I'm trying to understand the math notes detailing the way to obtain the complex solution:
If the problem is homogeneous we have :
$$ay''(t) + by'(t) + cy(t) = 0$$
to know all solutions for this use the ansatz
$$y(t) = e^{\lambda t}$$
and plug it into the ODE to find
$$ay''(t) + by'(t) + cy(t) = a \lambda^2e^{\lambda t} + b\lambda e^{\lambda t} + ce^{\lambda t} = 0$$
This problem can be solved using the characteristic equation:
$$a\lambda^2 + b\lambda +c = 0$$
Dependeing on the value of the discriminant $D = b^2 - 4ac$ we find different types of solutions:
$1.$ $D < 0$: $\lambda_1 \neq \lambda_2$ and both real.

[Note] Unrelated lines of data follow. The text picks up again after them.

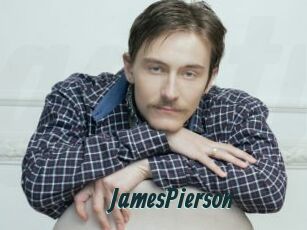 JamesPierson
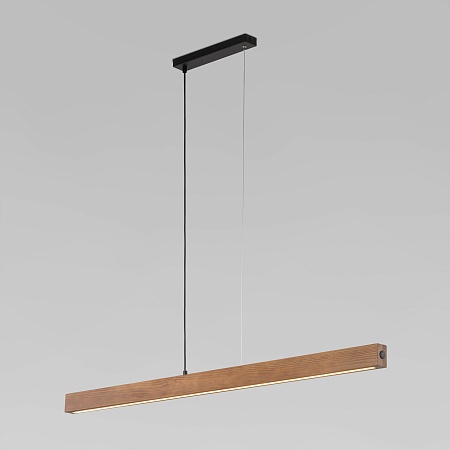 Подвесной светильник TK Lighting 1449 Teo - фото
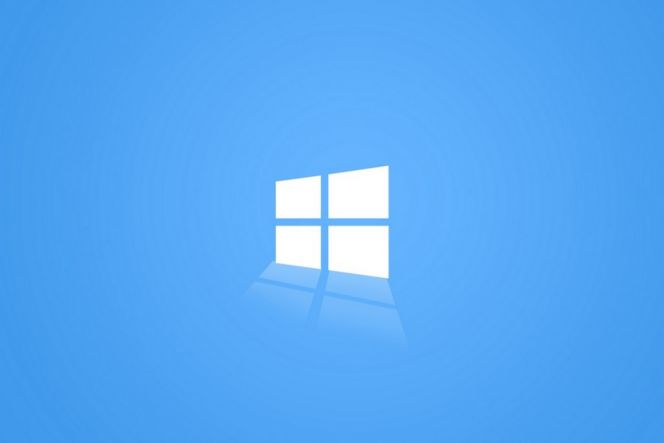 Windows 10 tembus 50 juta pengguna di seluruh dunia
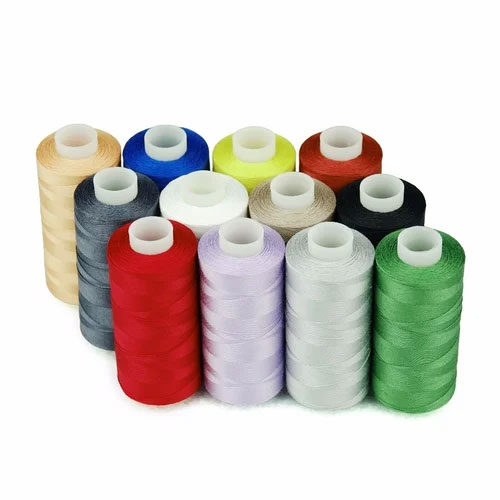 Cotton Sewing Thread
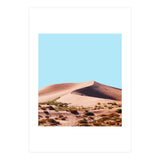 Oasis (Print Only) thumbnail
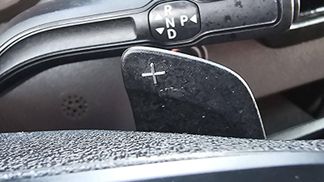 Lízing Van Mercedes-Benz SPRINTER 317 2021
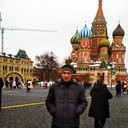 ���������� ������, ���� ������� �������, 40 ���, ������������ ��� ������, ����� � ���������, c�������� ���������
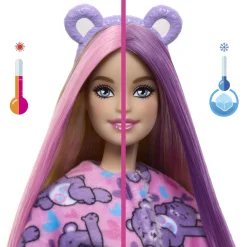 Tienerpoppen|Meisjes><noscript><img width=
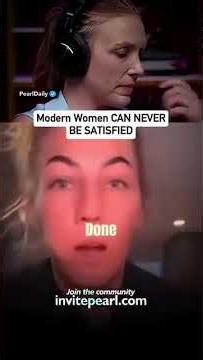 Husband UNO REVERSE Wife Divorce Plans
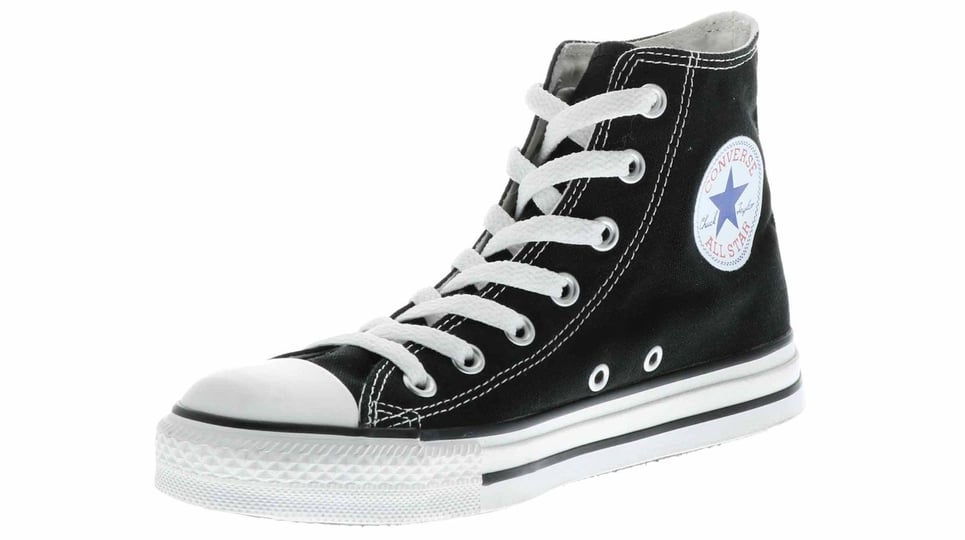 converse-mens-chuck-taylor-all-star-canvas-high-top-sneakers-13m-1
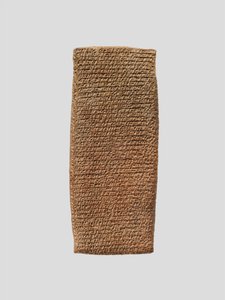 Çivi yazılı tablet: bir dava kaydı, yaklaşık MÖ 20-19. yüzyıl (kil)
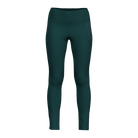 CORDILLERA BLANCA WOMAN PANT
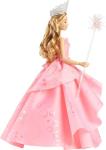Mattel Wicked Glinda Fashion Doll with Accessories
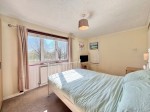 Images for 16 Larch Terrace, Beith, Ayrshire, KA15 1EH, UK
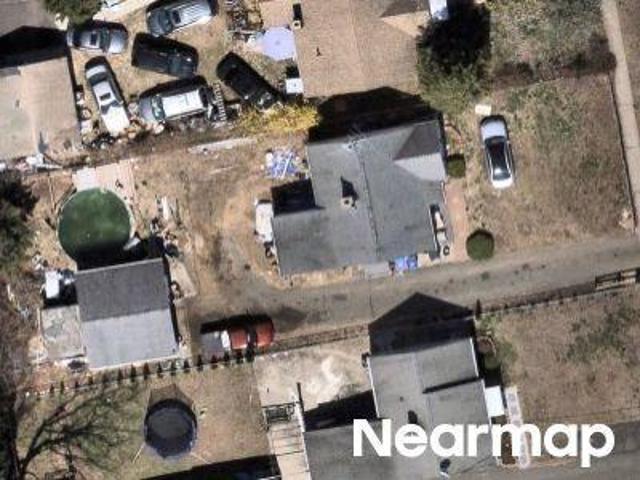 House for sale in East Hartford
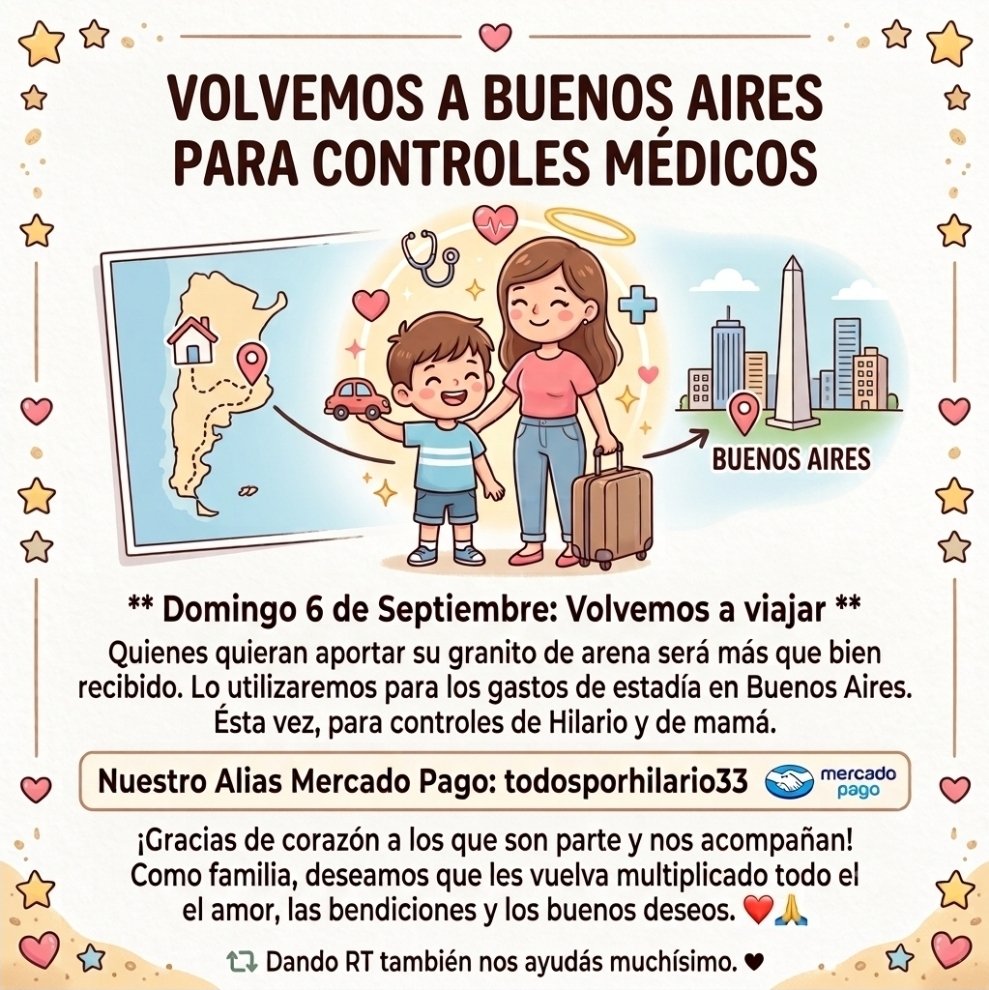 MariiiBidondo's tweet photo. 🤍🫂🤍 https://t.co/5aC5h9g7Ue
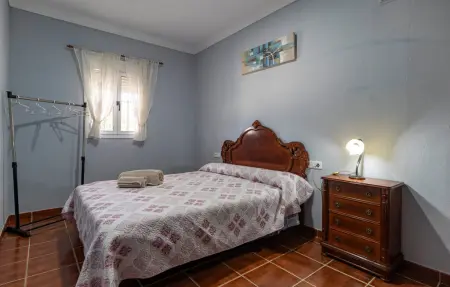 Olvera, Maison 15 personnes à Olvera - Photo 18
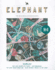 Elephant #4: The Art & Visual Culture Magazine: Issue 4: Fall 2010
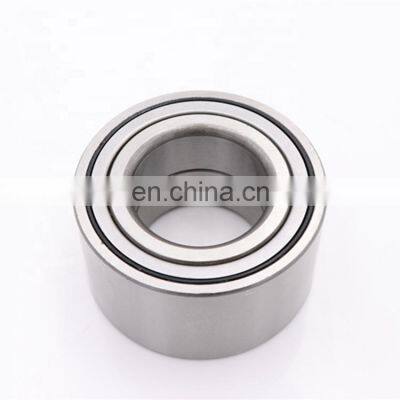 Wheel Bearing for Honda Fit DAC38710039 Hub Bearing Front Wheel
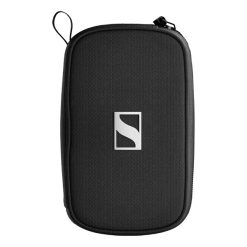 Sennheiser Profile Wireless 1-Channel - Pochette de Transport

Then we have two linearly independent solutions
$$y_1(t) = e^{\lambda_1t} \quad \text{and}\quad y_2(t) = e^{\lambda_2t}$$ and thus the general solution is
$$y(t) = c_1y_1(t) + c_2y_2(t) = c_1e^{\lambda_1t} + c_2e^{\lambda_2t}$$
$2.$ $D = 0$: $\lambda_1 = \lambda_2 \in \mathbb{R}$
One solution is immediate from the previous case
$$y_1(t) = e^{\lambda_1t}$$
One can verify that the second solution is given by
$$y_2(t) = te^{\lambda_1t}$$ Thus the general solution is
$$y(t) = c_1y_1(t) + c_2y_2(t) = c_1e^{\lambda_1t} (c_1 +tc_2)$$
$3.$ $D < 0$: $\lambda_{1,2} = \alpha \pm i\beta$ with $\alpha$, $\beta \in \mathbb{R}$ and $\beta \neq 0$
Using the idea from the first case we end up with complex sotluions
$$u_1(t) =e^{\lambda_1t} = e^{(\alpha + i \beta)t} = e^{\alpha t}(\cos(\beta t) + i \sin(\beta t)) \tag{1}\label{eq1}$$ $$ u_2(t) =e^{\lambda_2t} = e^{(\alpha + i \beta)t} = e^{\alpha t}(\cos(\beta t) - i \sin(\beta t)) \tag{2}\label{eq2}$$
My Question:
I guess the statement $(1)$ and $(2)$ have to do with the properties of complex numbers. However can you give me a link to understand those $2$ statements.